Great expectations were replaced with a hard dose
of reality.
Rhode Island was left at the altar, all dressed
up with a 37-20 record and a RPI of 57 and no place to go.
“They took it good, as good as they could have,”
said Foster about his team Monday afternoon. “They were
heartbroken, they were very disappointed. It’s just
unfortunate.”
As he watched the pairings, Foster got a sense of
what was about to happen.
“When I saw Oklahoma State get in as a three
seed, I knew we were in trouble,” Foster said.
One by one, at-large spots were being filled:
George Mason, Kansas and Western Kentucky were on the right side
of the bubble. Then, in the final Regional bracket, Baylor
became the third Big 12 bubble team to get the call.
“For it to be taken away, it really is a crime,”
Foster said.
Foster’s frustration was directed at the NCAA
selection committee – chaired by Tim Weiser, a former athletic
director at Kansas State and the deputy commissioner of the Big
12 – and not toward any one team, even though Oklahoma State’s
inclusion was the selection that raised the most eyebrows. The
Cowboys had a RPI of 25 and a record of 32-22, but they missed
the Big 12 conference tourney with a ninth-place finish (9-16)
and won two conference series all year.
Most years, there would be no real way to compare
the Cowboys and Rams, but this year, Rhode Island traveled to
Stillwater, Okla., to play four games against Oklahoma State and
Cal State Fullerton – not a typical weekend road trip for a
Northeast school. The result? The Rams and Cowboys split, OSU
winning 14-2 and URI winning 5-4 in the fourth game of the
tourney. In between, the Rams were pounded 17-3 by Cal State
Fullerton and then lost 4-3 to the eventual No. 2 national seed.
“I’m just proud of the way my guys played,” he
said. “I don’t want to jump on Oklahoma State either. They play
in a great conference. But they only won two conference series.
I hate to say it, but I think you have to do a little better
than that.”
Before the trip to Stillwater, the Rams played a
tourney at N.C. State and beat the Wolfpack. They went on a
Florida trip where they beat Miami (Fla.) and Ohio State. They
finished 19-6 in league play, just behind Dayton (21-6), and
then lost in the final of the A-10 tourney. Rhode Island didn’t
play at home until April 4, 26 games into the season.

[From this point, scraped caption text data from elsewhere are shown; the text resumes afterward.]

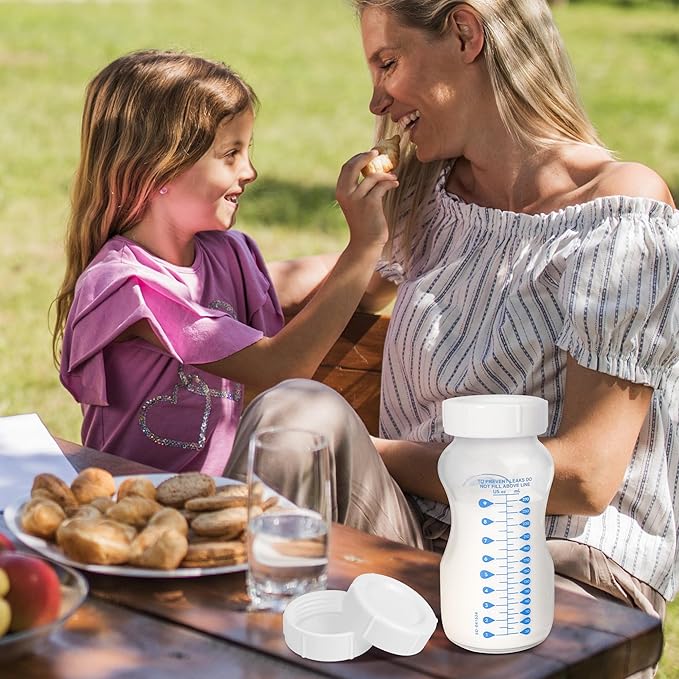 Travel Bottle Caps for Dr Brown Wide-Neck Storage/Travel Caps for Anti-Colic Options+ Baby Bottles, BPA-Free(Only Compatible with Wide Neck Bottle 5oz and 9oz, 6, Count)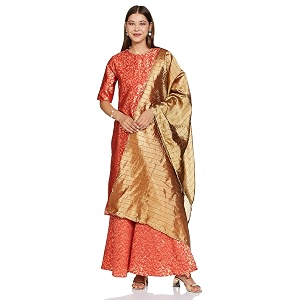 KETCH Polyester Womens Regular Fit Self Design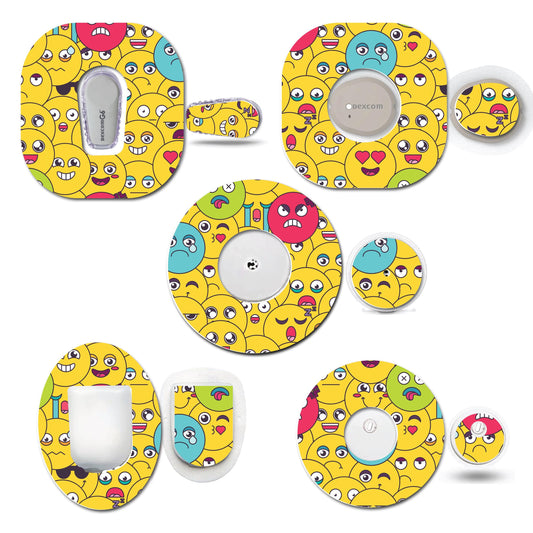 Emojis Continuous Glucose Monitor (CGM) Decorative Set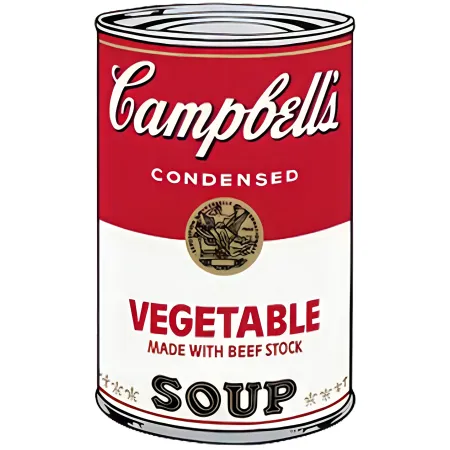 Serigrafía Warhol - Campbell's Soup I: Vegetable (FS II.48)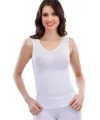 Jakarlı Kalın Askılı Bayan Atlet 14005 -Beyaz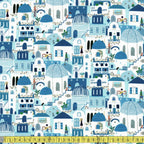 Wanderlust Blue Rooftops (Multi) by Dear Stella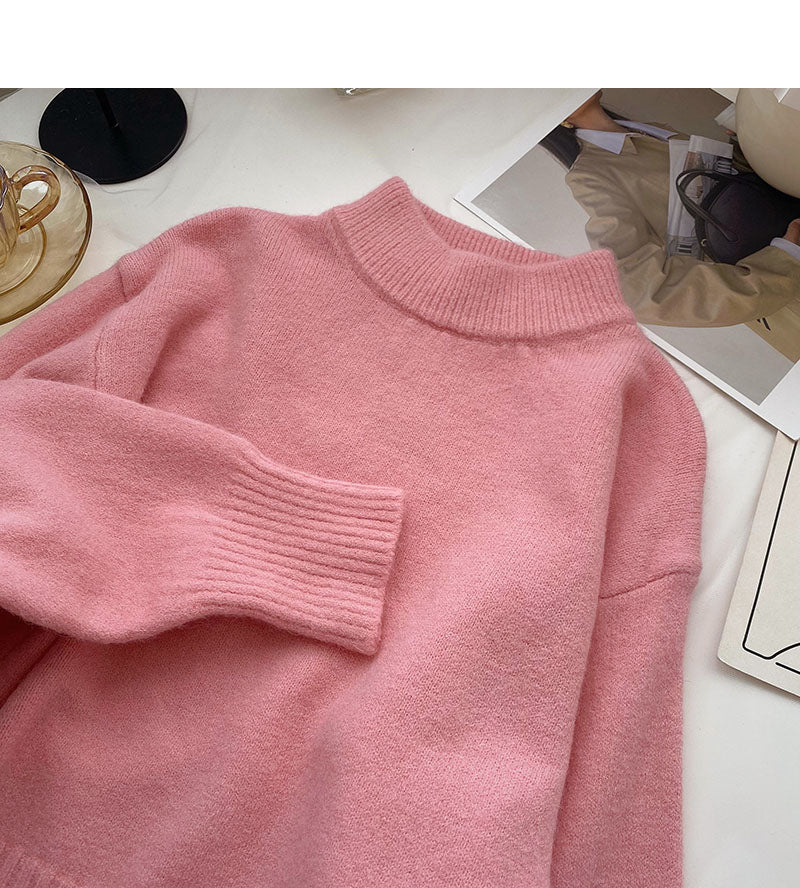 Koreanische Version kleiner Mann, lockeres und vielseitiges Langarm-Pullover-Oberteil 6142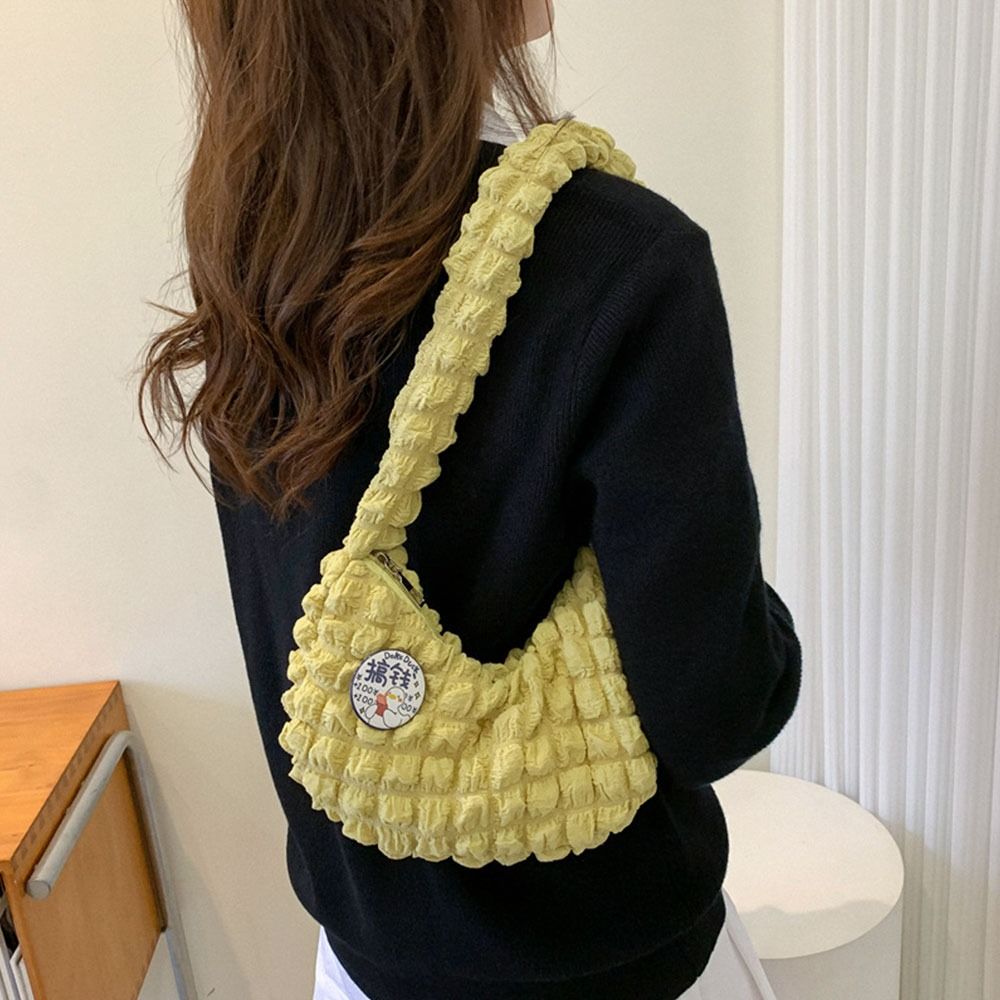 Soft Cloud Bubbles Handbags for Woman Girls Pleated Cloud Underarm Bag Pouch Bag Casual Shopping Shoulder Bag Women Cute Purse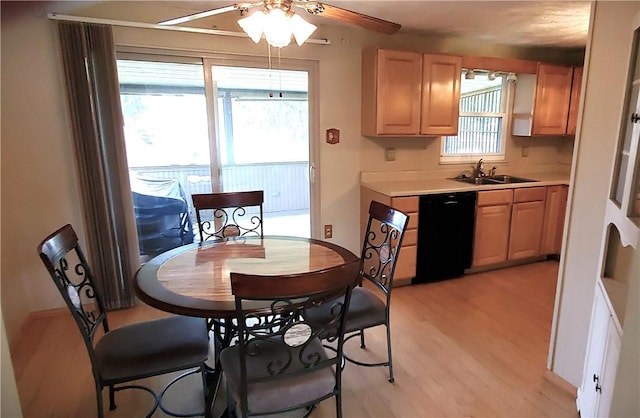 620 Gross St, Conway, PA 15027 - dining area featuring ceiling fan and light wood finished floors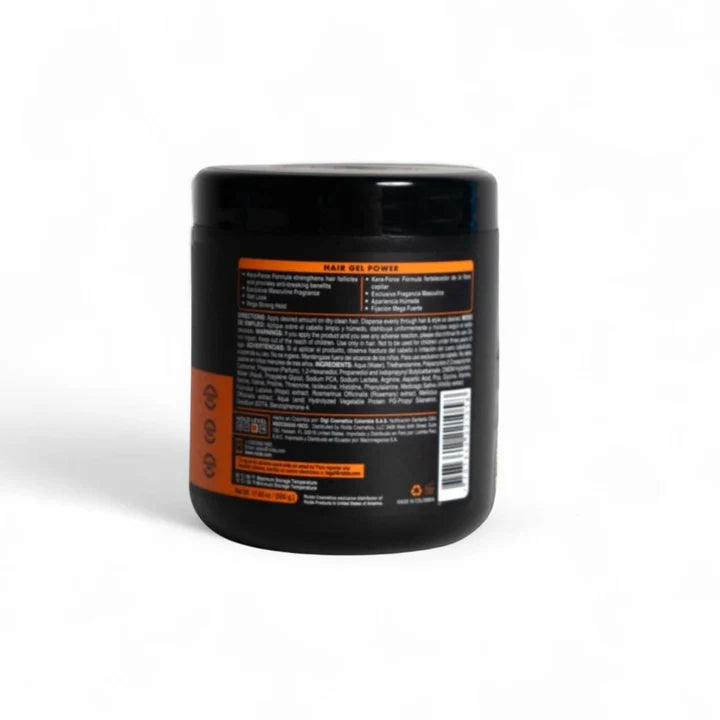 Rolda - Power Hair Styling Gel | Mega-Strong Hold, High Shine, Wet Look, Alcohol-free, Paraben-free, Flake-free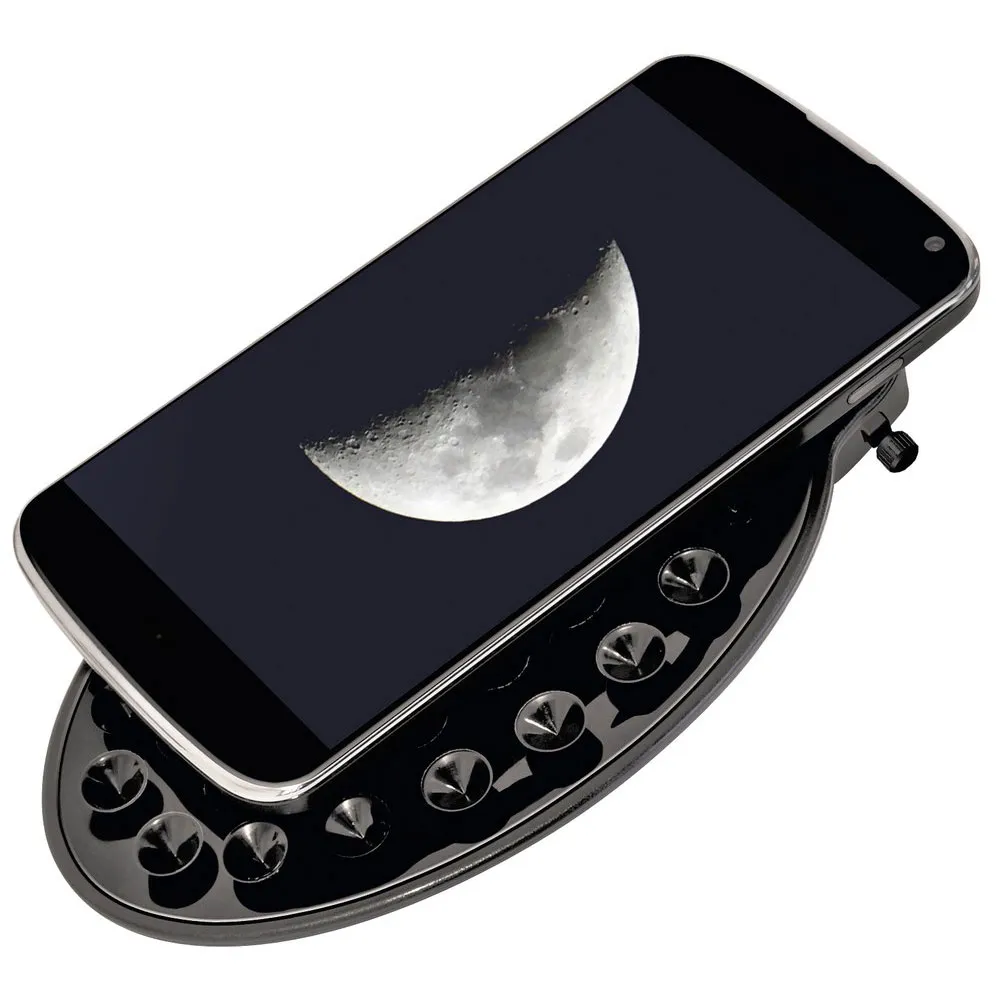 Bresser Spica 130/650 Eq3 Smartphone-halterung Für Teleskop, Black, One Size Bresser Spica 130/650 Eq3 Smartphone-halterung Für Teleskop, Black, One Size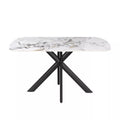 Oakwood Lazzaro 140cm White Marble Ceramic Dining Table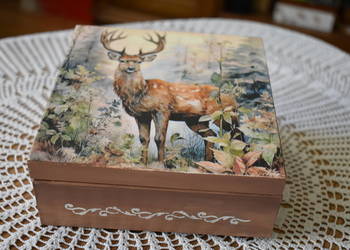 Szkatułka pudełko rękodzieło decoupage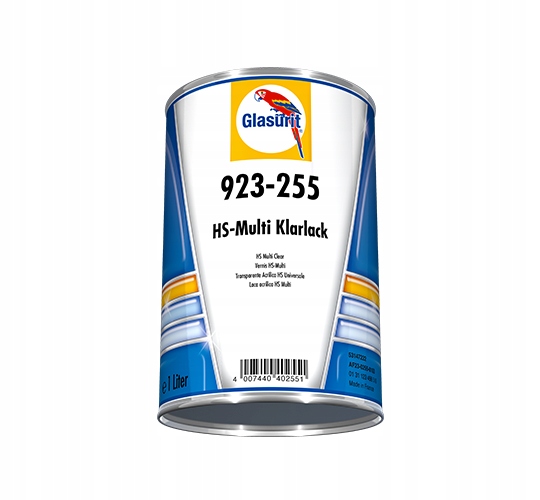 Lakier Bezbarwny Glasurit 923-255 1L 929-93 0,5L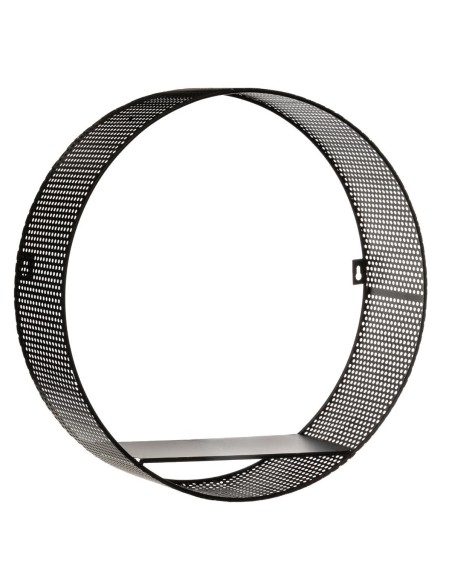 Lot De 3 Étagères Murales Juni Noir Atmosphera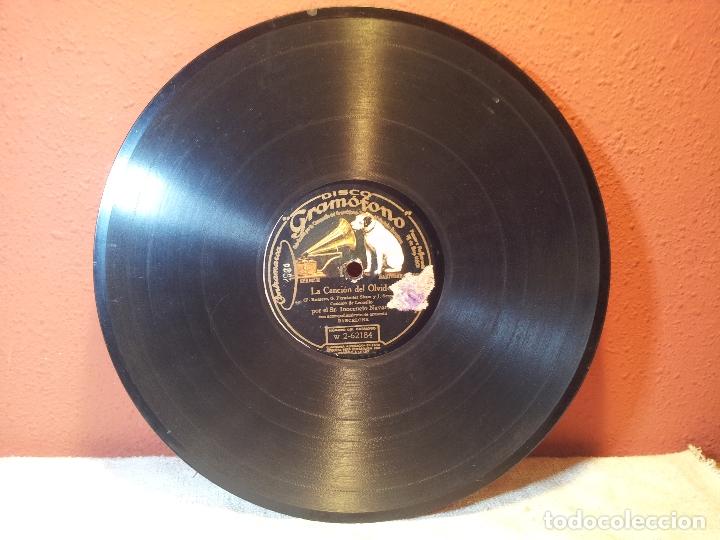 Discos de pizarra: DISCO GRAMOFONO .EL CARRO DEL SOL Y LA CANCION DEL OLVIDO-INOCENCIO NAVARRO....(REF-1AC) - Foto 2
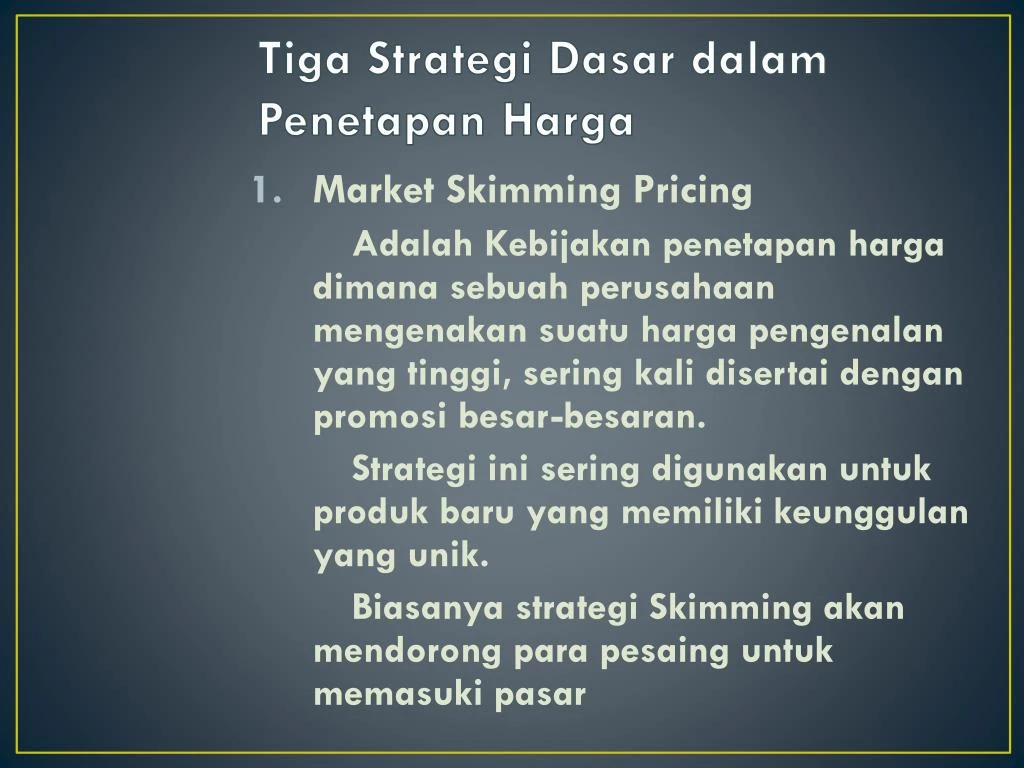 PPT - Strategi Penetapan Harga PowerPoint Presentation - ID:7300070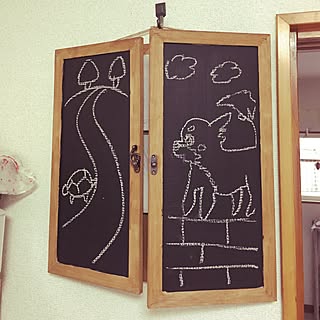 コルクボードをペイントのインテリア実例 Roomclip ルームクリップ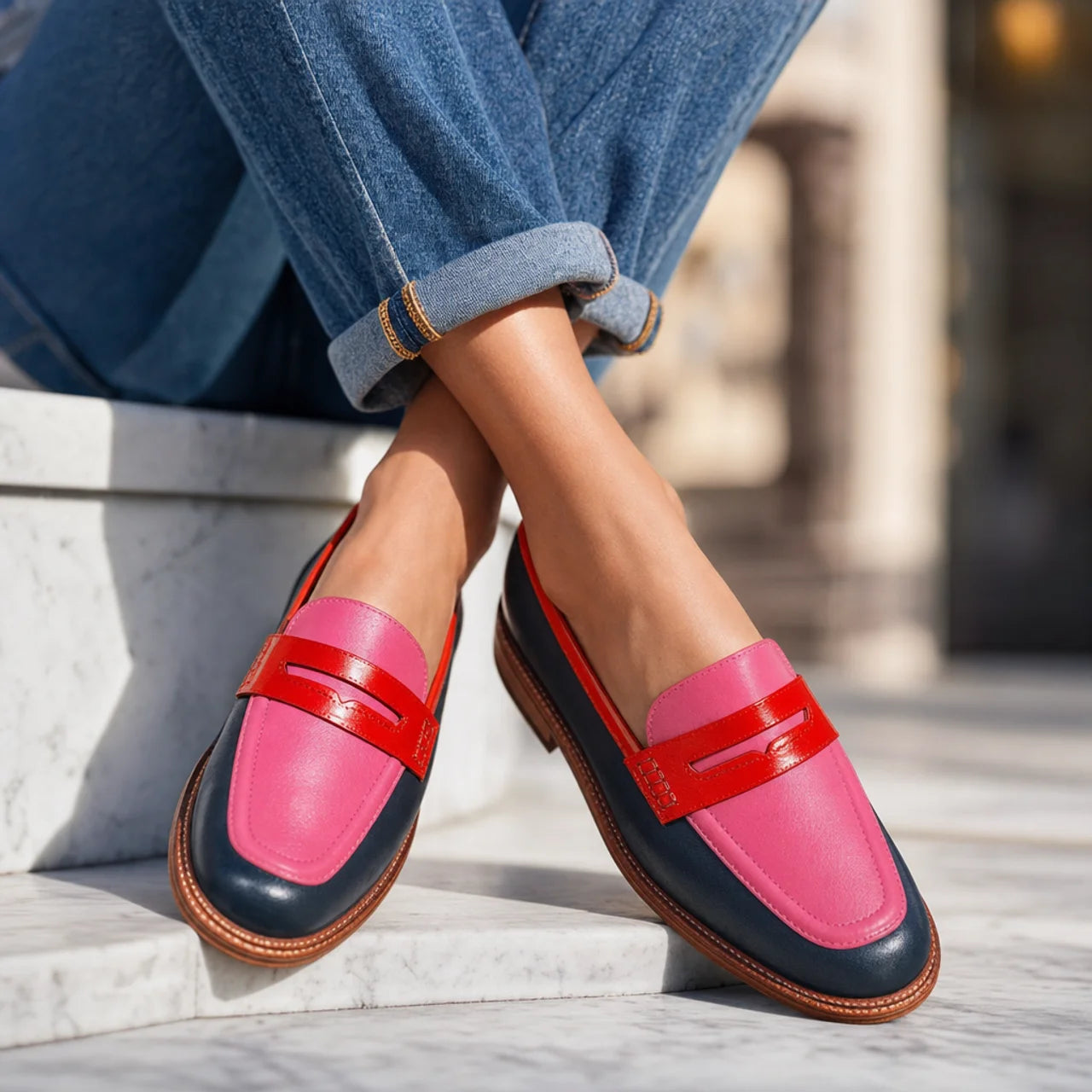 Women's Loafer Shoes Round Toe Slip On Casual Classic Everyday Comfort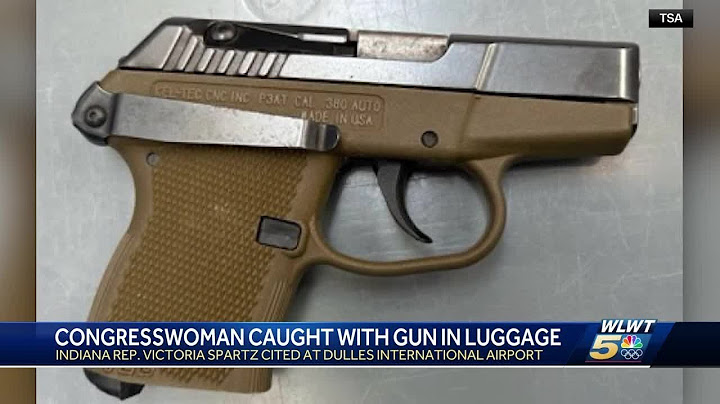 Indiana congresswoman caught with gun in luggage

“You couldn’t have done anything more than we
did; we did what we had to do,” Foster said.
He talked about the challenges Northeast schools
face when scheduling. And he talked about the fact that his
program is doing less with more – Rhode Island has 2.6 baseball
scholarships, far below the allowed maximum of 11.7.
“It’s not like we have the resources all these
schools have,” Foster said. “We’re getting kids that love the
game of baseball. They’re not the most highly recruited kids out
of high school, but they’re damn good.”
And while he knows they had a chance to win the
A-10 tourney (“We were set up to do it, but we didn’t do
it…Xavier played great.”) and that the likes of Oklahoma State
and Baylor “can make a damn good run,” Foster feels cheated by
the system. He worked his schedule about two years in advance to
replace weekend series with RPI-damaging Northeast schools with
national powers. And to top things off, the Rams responded with
some big wins.
Rhode Island woke up Monday on the brink of an
at-large bid to the NCAA tournament. It goes to bed – along with
countless other mid-majors and Northern schools – wondering what
else it could have done.
“It’s a terrible message,” Foster said of the
news delivered by the NCAA committee.